I happened to be the head server that night and about an half hour to close a nine top walks in the door looking fairly well dressed, big tip I thought, perfect way to close out a rather solid night.
I was on it like a chicken on a junebug.
As I ran around throwing tables together I went up to the host station to pick up their menus.
A gentleman from the group came over to me and said, "Oh we don't need those, we're only here for dessert, we're doing the whole progressive dining thing."
We're not even know for our desserts.
Not that their terrible, most are good in fact, just they aren't our focus.
I sigh as I lay down the dessert menus and walk off to collect my thoughts.

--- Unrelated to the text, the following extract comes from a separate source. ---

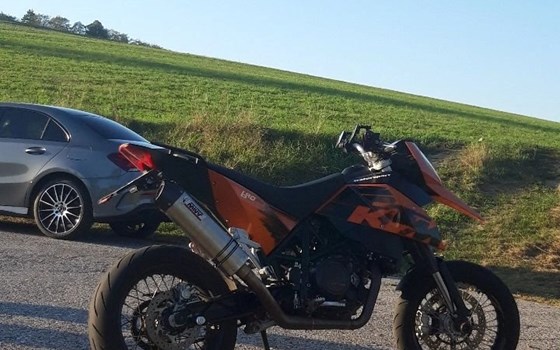 Gebrauchtmotorrad KTM 690 Supermoto - Bild 3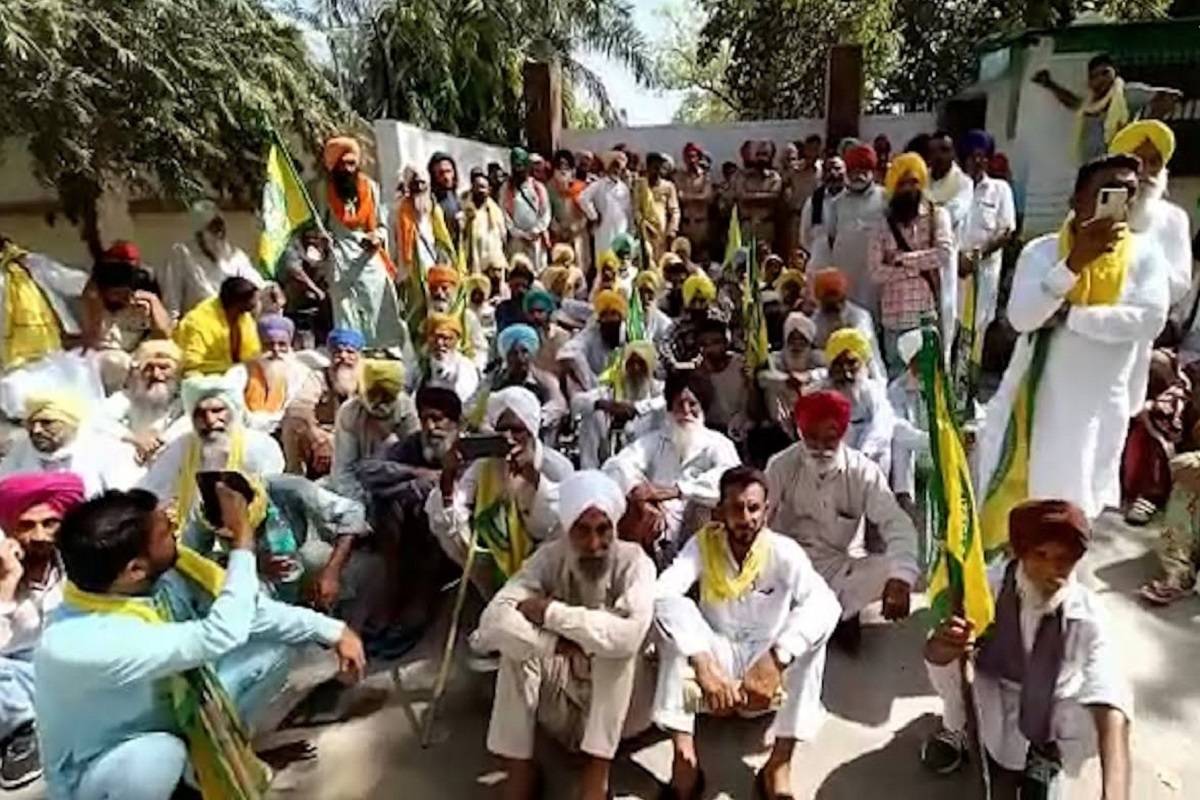 Locals stage a dharna outside the house of chief engineer (commercial) of PSPCL in Thermal Colony of Bathinda.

I grab up the other closing waitress, "Hey, want a nine top to finish off the night?"
"Fuck that, I'm going clubbing," is the answer, of course.
Well maybe they'll order a few rounds of Ports or a few other after dinner drinks.
Nine decaf coffee's is their initial order.
Who ever thought of this progressive dining needs to be drawn and quartered.
Or at least the maximum allowed in the America, waterboarding or at the very least being called dirty names in Arabic.
I get their coffee's, too bad we were low on regular or I'd pull the decaf trick...
Just kidding Decaf Nazi's!
I return to the head gentleman,"Sir are we all ready to order?"
"Are you trying to rush us or something?" He asks.
"Certainly not sir!" I respond.
Of course I am.
Our dessert guy is leaving in a few minutes and I don't really relish the thought of firing a bunch of creme brulee's or nuking "homemade" chocolate cakes.
I give them two minutes and ask again, its getting close to close time.
The gentleman rolls his eyes but the ladies start hopping up and down for their brulee's and such.
I get the order in and the cook freaks out on me for giving him a ticket of nine at that hour.
Three rounds of coffee later they're ready to be served.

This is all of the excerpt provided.